Odds are we have all made at least one, if not millions, of mistakes along our journey of life. That’s okay. We know that when we make mistakes, we can count on God’s forgiveness.
God’s grace and forgiveness is quite large, but it is not our get-out-of-jail free card. Instead, what must take place is quite the opposite. We must continually strive to grow and improve as a human and as a Christian. We must continually reflect back on our own lives and remember the errors we have made and try to avoid those pitfalls in the future so that, when it comes to mistakes, history will not repeat itself. We must continually hold ourselves and others accountable, in order to serve and give to God to the best of our abilities.
We have to find some way to learn from our mistakes. This is why we need reminders, from peers, from mentors and from history teachers. It can often be easier for some to remember and learn than it can for others.
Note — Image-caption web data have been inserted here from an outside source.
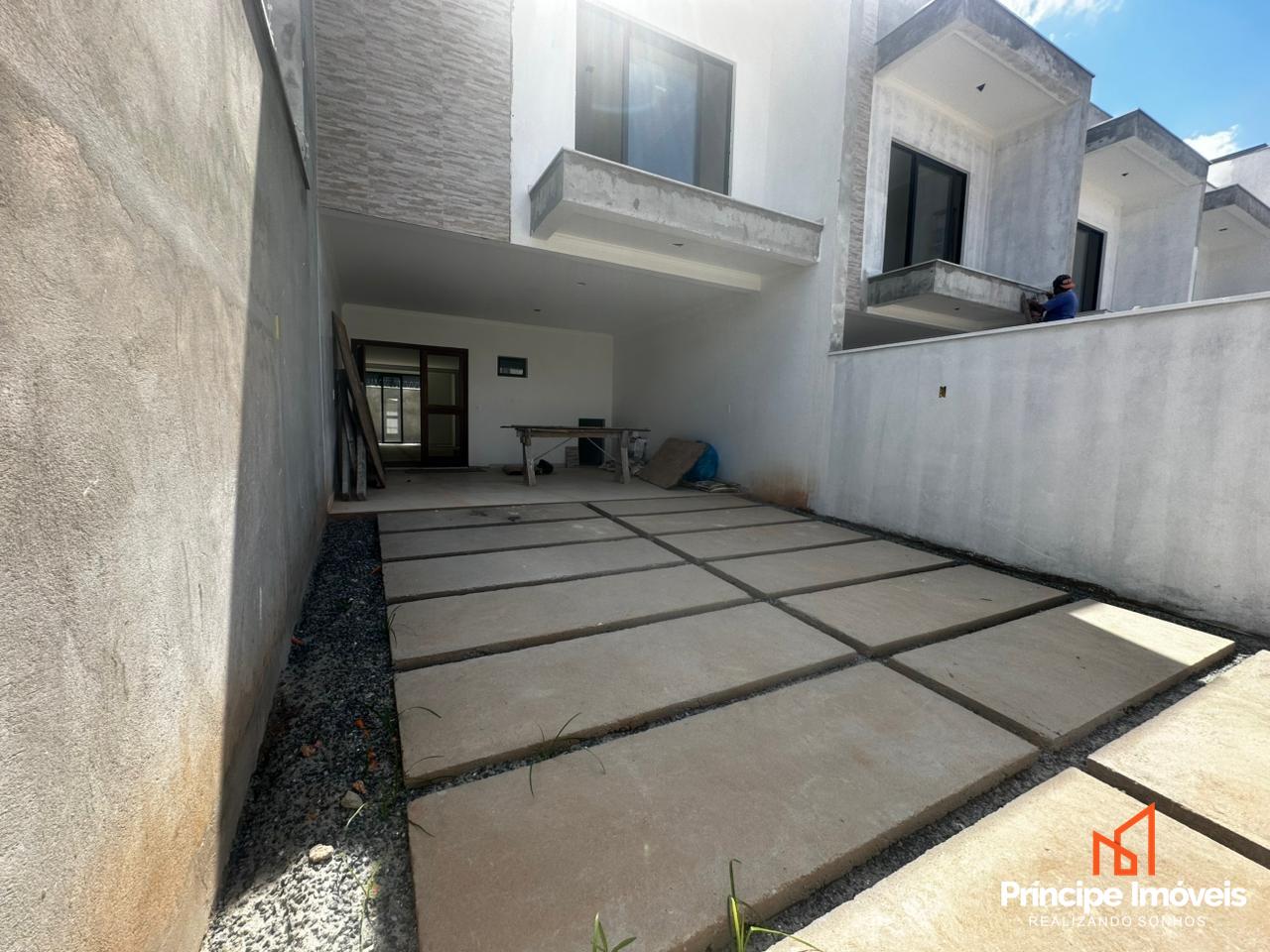 Geminado à venda em Joinville, Bucarein, 3 quartos: 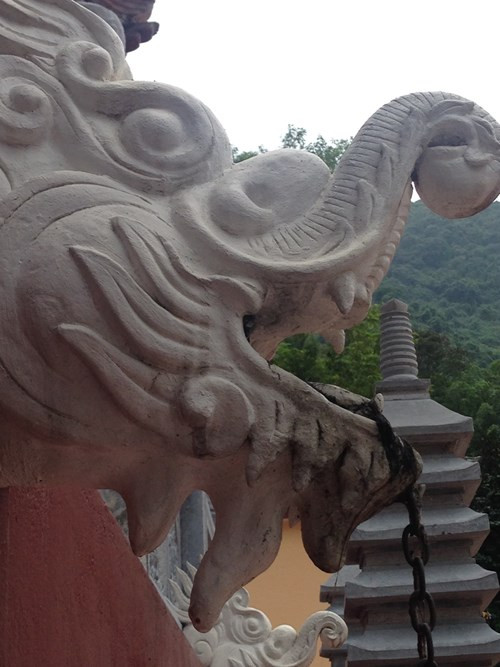 Bất ngờ với “kiến trúc lạ” ở di tích chùa Hương ảnh 4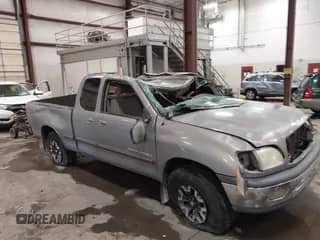 2000 Toyota Tundra SR5 с VIN 5TBBT4418YS041942, выставлен на аукционе IAAI как лот 42666251 с пробегом 163 070 миль миль и . История ставок и продаж доступна на DreamBid. Изображение 1.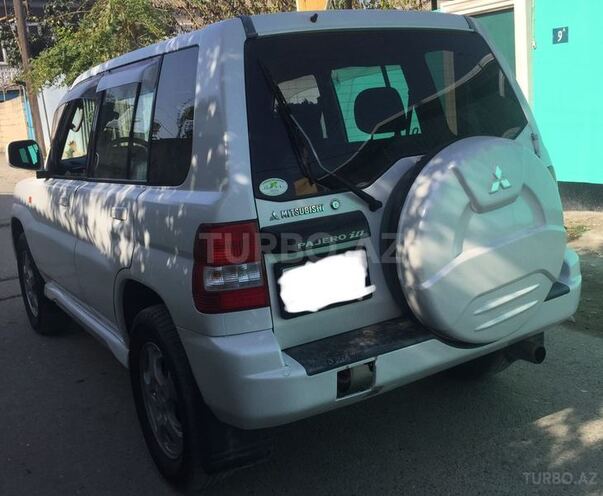 Mitsubishi Pajero io 2000, 119,000 km - 2.0 l - Sabirabad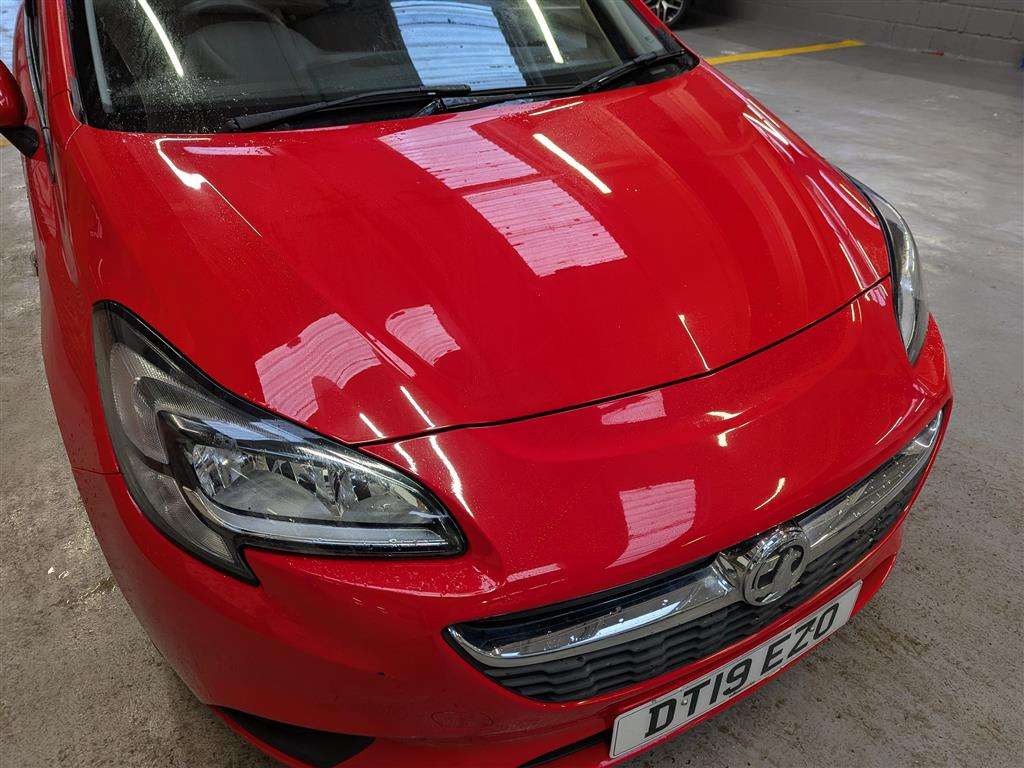 <p>2019 VAUXHALL CORSA DESIGN</p>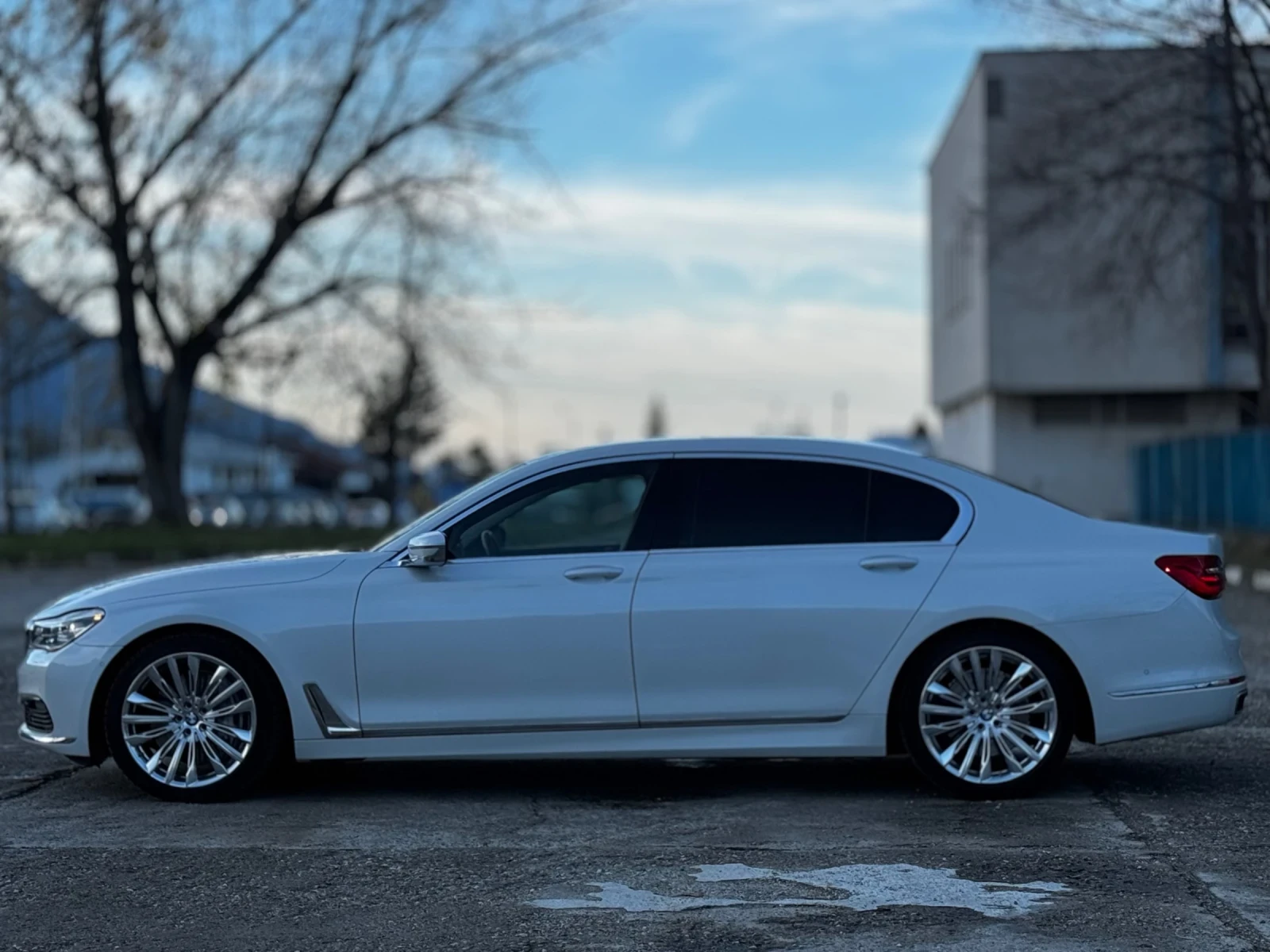 BMW 750 I/ОБДУХВАНЕ/HEAD-UP/CARBON CORE - изображение 2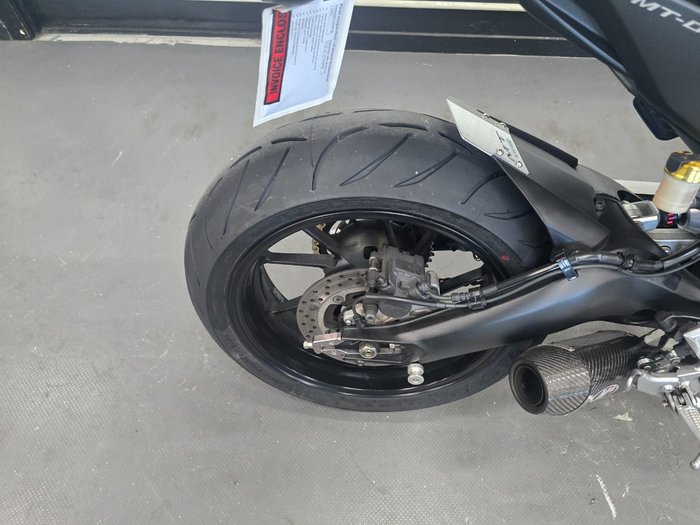 2016 Yamaha MT-09 GREY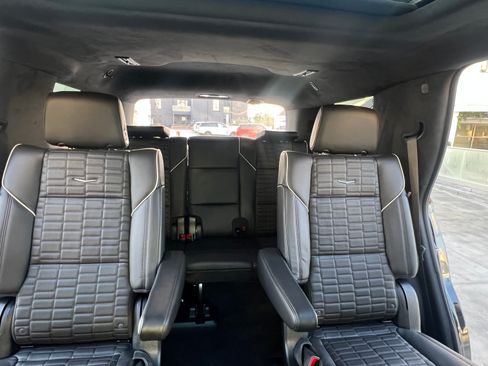 Used 2023 Cadillac Escalade Sport Platinum w/ LPO, ONYX Package AWD/4WD image 23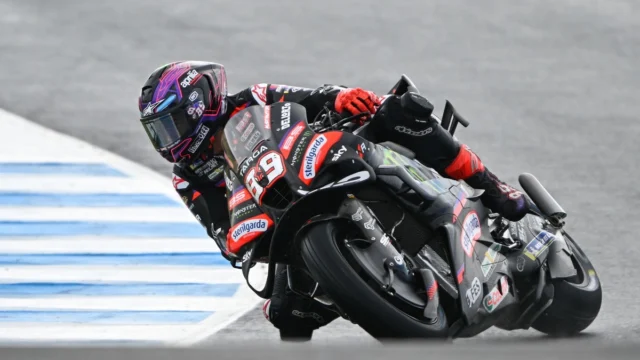 Jorge Martín em queda na corrida sprint do GP da Austrália de MotoGP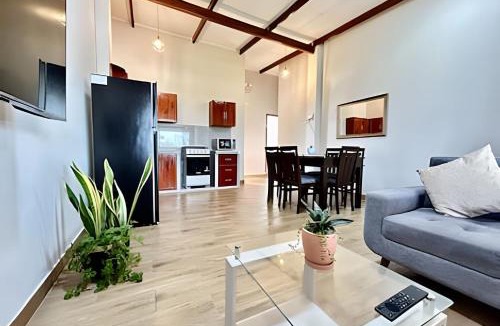 La Banda de Shilcayo Apartment | Terraza Privada, Vive a 5min centro 2HAB con A/C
Furthermore, how we learn from our mistakes and why we change as a result of them also greatly matters.
If we think others (or even ourselves) are frustrated with our inability to learn, and lack of change or transformation from missteps, imagine how God might feel about that. Granted the forgiveness and grace we receive may be immense. But, it also does not mean that God does not feel sadness when He is let down.
Maybe we should take Paul’s masterful approach (1 Corinthians 10:1-13): mention past mistakes, in bits and pieces, state why they were wrong, and what bad can come of them, then pass on how to fix it and avoid them to future generations. Or, more specifically, do what we can so that history does not repeat itself.
That is not only what Paul wants, or even what others want, it is a yearning that God wants: For us to be the best and most loving human beings we can, the ones that God created us to be, and teach others to do the same.